Cayalsite-(Y), a new rare-earth calcium aluminium fluorosilicate with OD character
Malcherek, Thomas; Schlüter, Jochen; Cooper, Mark; Ball, Neil; Husdal, Tomas
European Journal of Mineralogy Volume 27 Number 5 (2015), p. 683 - 694
published: Oct 1, 2015
ArtNo. ESP147052705012, Price: 29.00 €
The crystal structure of cayalsite-(Y), with idealized composition CaY6Al2Si4O18F6, has been determined on the basis of single-crystal X-ray diffraction data. The mineral occurs in several polytypic modifications arising from the combination of three non-equivalent structural layers. Two maximum degree of order (MDO) polytypes have been identified in cayalsite-(Y). The orthorhombic MDO polytype, cayalsite-(Y)-1O, has lattice parameters a = 15.993(1), b = 5.5306(3) and c = 9.6590(7) Å. It is described in space group symmetry Pban and refines to R obs = 2.2%. The monoclinic MDO polytype, cayalsite-(Y)-1M, a = 11.0602(7), b = 5.5280(2), c = 16.0195(9) Å, β = 118.925(3)° is described in space group symmetry P2/c and refines to R obs = 3.5% in a two-phase mixture with cayalsite-(Y)-1O. Predominantly heavy lanthanide elements substitute for Y and Ca in cayalsite-(Y), with some Ca also substituting for the rare-earth elements (REE). A typical empirical composition, normalized to 24 anions, is Ca1.03(Y4.73Nd0.02Gd0.34Dy0.43Er0.31Yb0.22)Σ6.05Al1.87Si4.03F6.08O17.92)Σ24. Cayalsite-(Y) forms colourless to faintly pink, prismatic crystals in cavities of yttrian fluorite in two granitic pegmatites located in Tysfjord, Nordland, Norway. Cayalsite-(Y)-1O crystals are optically biaxial (+), with indices of refraction α = 1.730(5), β = 1.740(5), γ = 1.760(5) and 2V meas = 56.5(5). The crystal structure of cayalsite-(Y) is composed of linear chains of edge sharing [AlO6] octahedra with isolated [SiO4] tetrahedra.

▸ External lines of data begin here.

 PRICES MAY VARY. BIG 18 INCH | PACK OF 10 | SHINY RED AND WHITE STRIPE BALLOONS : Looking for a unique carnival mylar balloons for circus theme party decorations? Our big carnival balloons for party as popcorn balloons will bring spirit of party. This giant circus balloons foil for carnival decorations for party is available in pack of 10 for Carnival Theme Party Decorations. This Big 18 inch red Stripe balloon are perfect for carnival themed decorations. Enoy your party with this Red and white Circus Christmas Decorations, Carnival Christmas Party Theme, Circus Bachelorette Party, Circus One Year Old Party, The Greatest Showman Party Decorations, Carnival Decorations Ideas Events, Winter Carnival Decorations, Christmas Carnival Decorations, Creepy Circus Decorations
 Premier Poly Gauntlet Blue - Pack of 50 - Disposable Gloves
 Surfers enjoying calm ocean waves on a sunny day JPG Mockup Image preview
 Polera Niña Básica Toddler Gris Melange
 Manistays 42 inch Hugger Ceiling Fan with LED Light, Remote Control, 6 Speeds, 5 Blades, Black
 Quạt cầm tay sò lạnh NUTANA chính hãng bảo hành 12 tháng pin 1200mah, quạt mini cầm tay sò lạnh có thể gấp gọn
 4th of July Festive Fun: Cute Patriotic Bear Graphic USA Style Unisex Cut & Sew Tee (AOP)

The REE and Ca-cations occur in eight-fold coordination by O and F anions. Apart from substitutional disorder of REE and Ca atoms, the cayalsite structure is characterized by substitutional and positional disorder affecting the local position of [SiO4] tetrahedra in one of its layers. Avoidance of close Si-F contacts causes the partial splitting of O and F positions. The possible interplay of layer stacking and cation ordering is discussed.